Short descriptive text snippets
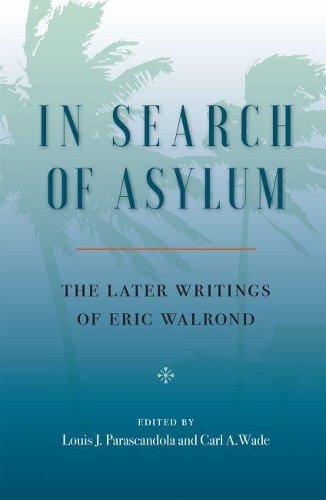 In Search Of Asylum: The Later Writings of Eric Walrond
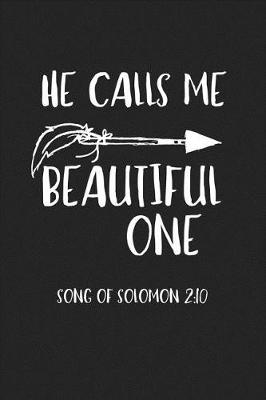 Book cover for He Calls Me Beautiful One Song of Solomon 2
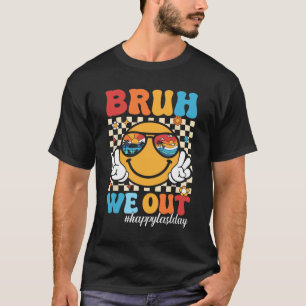 We Out Happy Last Day Of School Teacher Boy Girl S T-Shirt
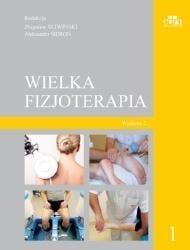 Wielka fizjoterapia. Tom 1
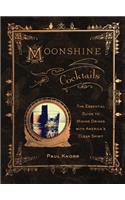 Moonshine Cocktails: The Ultimate Cocktail Companion for Clear Spirits and Home Distillers: The Ultimate Cocktail Companion for Clear Spirits and Home Distillers
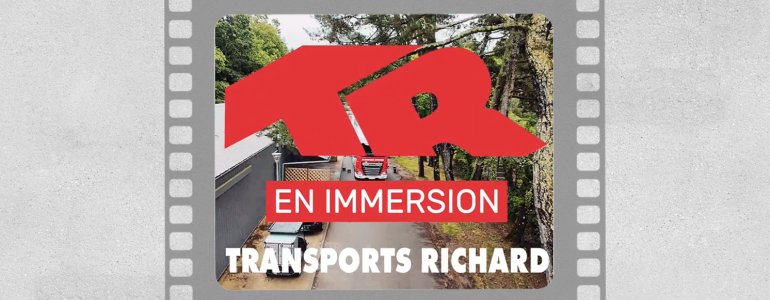 En immersion chez les Transports Richard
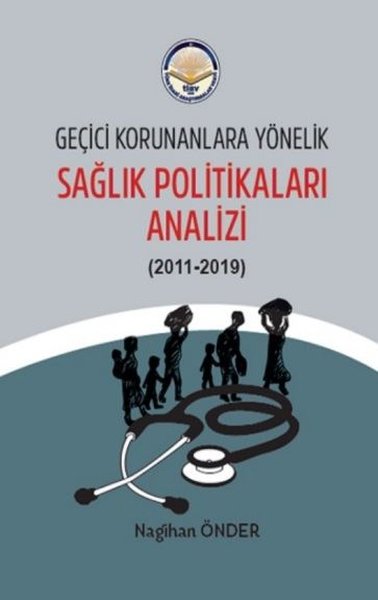 Geçici Korunanlara Yönelik Sağlık Politikaları Analizi.pdf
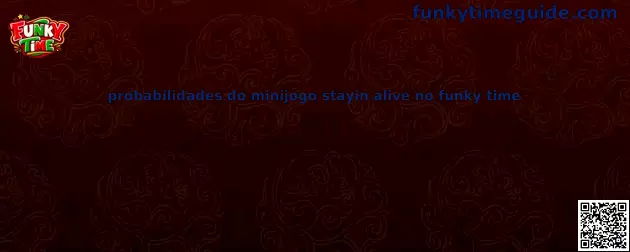Probabilidades Stayin Alive
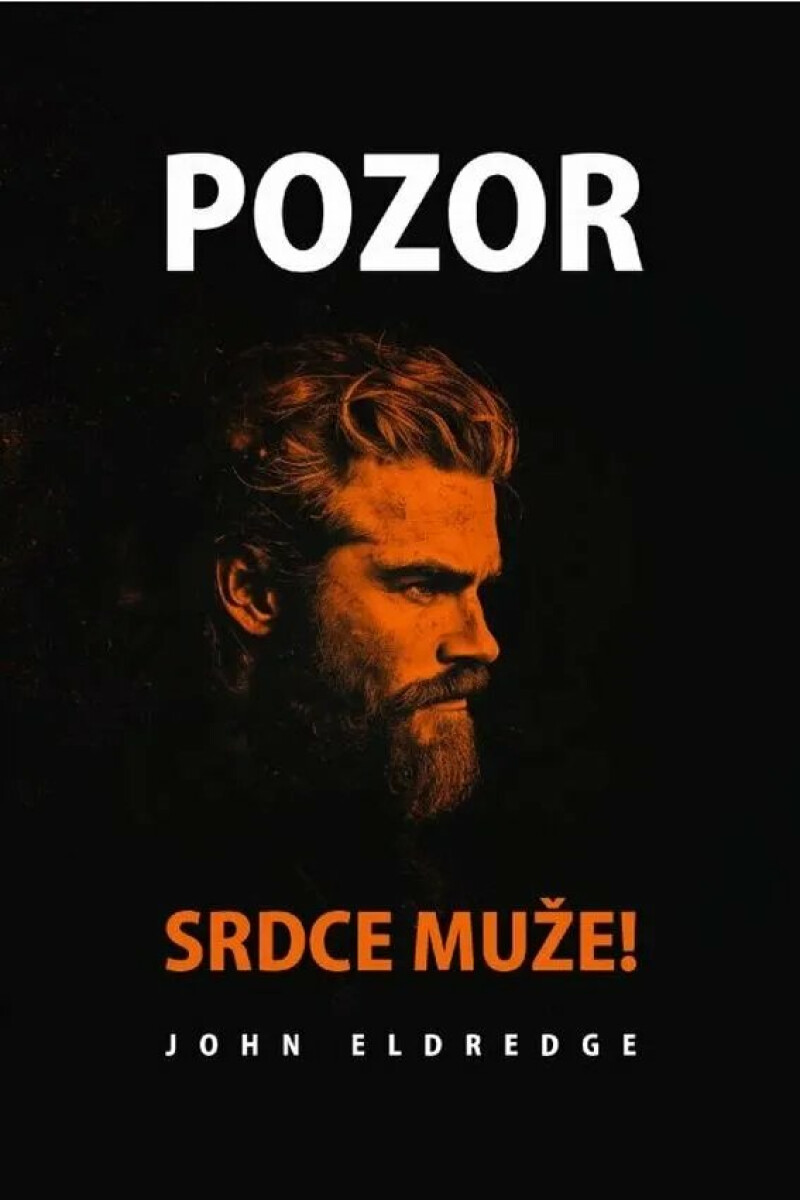 Pozor srdce muže! - John Eldredge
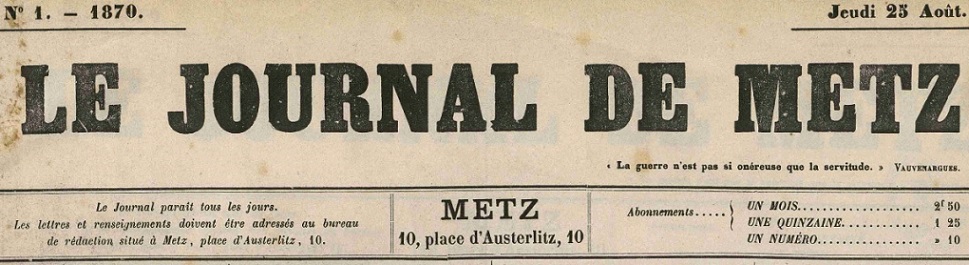 Photo (Sillon lorrain) de : Le Journal de Metz. Metz, 1870. ISSN 1963-322X.
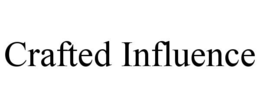 CRAFTED INFLUENCE trademark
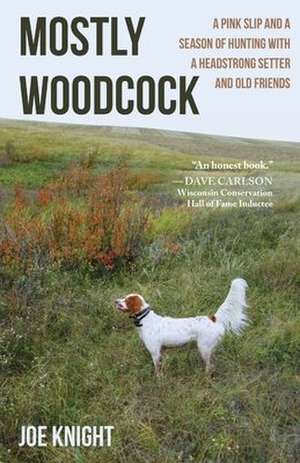 Mostly Woodcock de Joe Knight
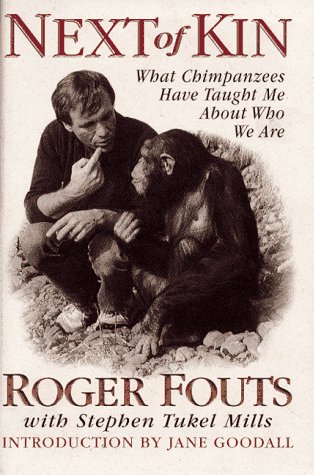 Beispielbild fr Next of Kin: What Chimpanzees Have Taught Me About Who We Are zum Verkauf von Once Upon A Time Books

• Description of the task: Copy exactly the lines of the entries above from the one containing "Book cover for" through the one containing "En immersion chez les Transports Richard". Both end lines count; pictures do not.

• Solution to the problem:
 Book cover for He Calls Me Beautiful One Song of Solomon 2
 We Out Happy Last Day Of School Teacher Boy Girl S T-Shirt
 Wielka fizjoterapia. Tom 1
 Moonshine Cocktails: The Ultimate Cocktail Companion for Clear Spirits and Home Distillers: The Ultimate Cocktail Companion for Clear Spirits and Home Distillers
 En immersion chez les Transports Richard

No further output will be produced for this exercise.